I am sometimes laughed at for the “easy” decisions that I cannot make in my life. Something as “simple” as picking a restaurant can cause me a great amount of stress. I’m not just talking, “Oh this is a stressful decision,” I’m talking brain overload, tears and a huge knot in my chest and stomach. The reason why this happens is because of the questions people ask me about my decisions.
I understand and appreciate it when my decisions are questioned. It is through questioning our decisions we learn about how we think, what motivates us, problem solving etc. These are all necessary things in order to develop critical thinking and confidence in our explanation of our decisions. I think people went over board with me. It never seemed to be just simple questioning (“Why did you do that?”), it is the simple question combined with letting me know that what they would have done was better.

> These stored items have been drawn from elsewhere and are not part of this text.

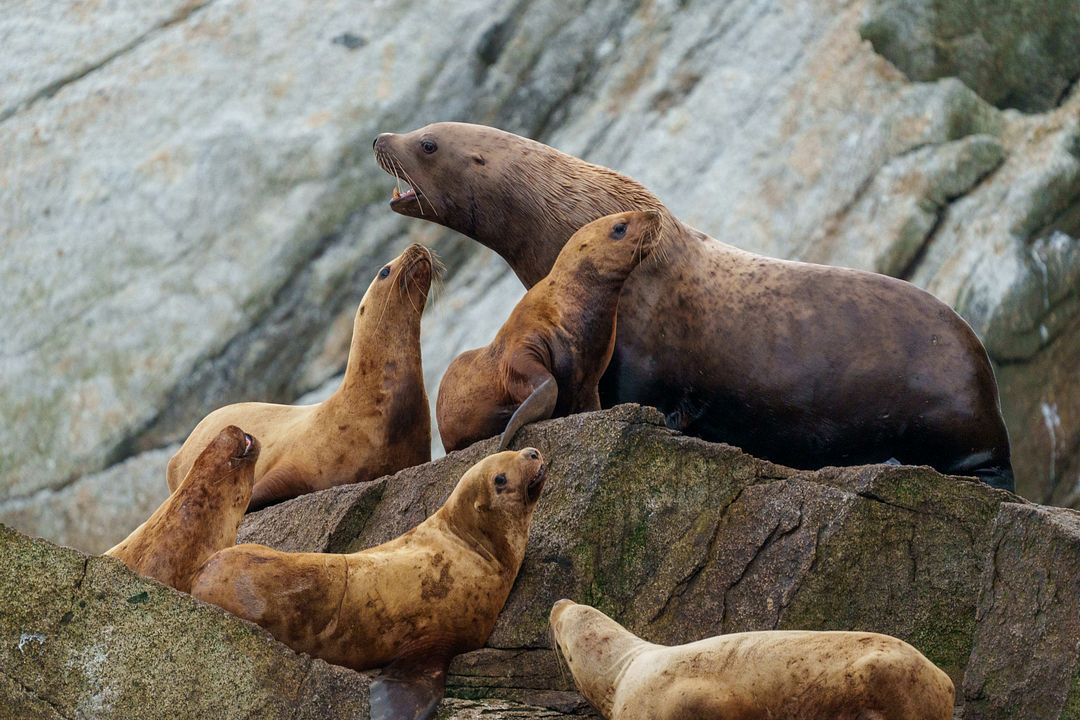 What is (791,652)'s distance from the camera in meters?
4.29

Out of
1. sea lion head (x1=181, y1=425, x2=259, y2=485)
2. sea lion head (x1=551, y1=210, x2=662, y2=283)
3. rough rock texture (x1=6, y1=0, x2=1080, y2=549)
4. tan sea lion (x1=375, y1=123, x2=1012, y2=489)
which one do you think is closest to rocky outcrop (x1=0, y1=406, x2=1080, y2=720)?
sea lion head (x1=181, y1=425, x2=259, y2=485)

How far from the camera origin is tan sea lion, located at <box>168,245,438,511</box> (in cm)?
737

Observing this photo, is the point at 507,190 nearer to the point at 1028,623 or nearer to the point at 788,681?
the point at 1028,623

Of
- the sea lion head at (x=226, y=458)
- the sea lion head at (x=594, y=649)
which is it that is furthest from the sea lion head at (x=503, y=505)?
the sea lion head at (x=226, y=458)

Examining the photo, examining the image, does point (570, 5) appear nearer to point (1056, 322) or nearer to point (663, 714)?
point (1056, 322)

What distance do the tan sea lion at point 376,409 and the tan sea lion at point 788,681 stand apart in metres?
2.95

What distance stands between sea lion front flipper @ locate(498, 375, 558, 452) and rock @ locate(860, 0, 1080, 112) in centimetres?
914

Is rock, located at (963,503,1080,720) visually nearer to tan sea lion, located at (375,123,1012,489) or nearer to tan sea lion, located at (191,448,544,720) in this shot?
tan sea lion, located at (375,123,1012,489)

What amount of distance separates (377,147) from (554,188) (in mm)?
935

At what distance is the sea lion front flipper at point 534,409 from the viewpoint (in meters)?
5.96

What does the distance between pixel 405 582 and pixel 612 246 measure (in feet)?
6.58

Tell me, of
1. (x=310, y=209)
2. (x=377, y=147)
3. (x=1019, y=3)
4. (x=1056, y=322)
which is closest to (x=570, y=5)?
(x=310, y=209)

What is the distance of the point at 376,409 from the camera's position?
739cm

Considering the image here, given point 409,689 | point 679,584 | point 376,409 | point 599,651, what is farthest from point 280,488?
point 599,651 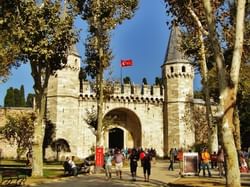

I cannot make decisions because too many people have told me my decisions are wrong. I cannot make decisions because too many people have been hurt by my decisions (even if that means they did not enjoy their meal at the restaurant I chose). Combine that with my constant fear of letting people down and you have a recipe for disaster.
Even when I feel good about my decisions and go forward without questioning myself or asking others for validation someone has to chime in and explain to me how I’m incorrect.
For example, I made chicken for lunch today and used a metal pan. Originally I picked up an aluminum type pan and put the chicken inside it to see if two would fit. I decided they did not and used the metal pan. The chicken was cooking and I was in the process of making a grocery list when my partner came into the kitchen, say the aluminum pan and said, “Why didn’t you use that one?” I explained that the chicken didn’t fit. He told me that it does. I said again that I did not believe that it did. He then started telling me that I just created a dish that was going to be more work to clean and to use the aluminum pan. I told him I wasn’t bothered by the so-called extra work and that the chicken was getting cooked anyways. He repeated that I should of used the aluminum pan. I tried to emotionally keep it together.
Maybe many of you do not a see a problem with the above situation and there wasn’t any hostility in my partner’s voice or intentions. But it’s the overriding of my decision that makes future decisions feel impossible. It’s those moments I just say, “Leave me the fuck alone,” in my head. I wouldn’t feel the need to make a comment like that unless what was happening was very wrong (ie: using a plastic container in oven).
Well, I’m glad that’s out. It was bothering me.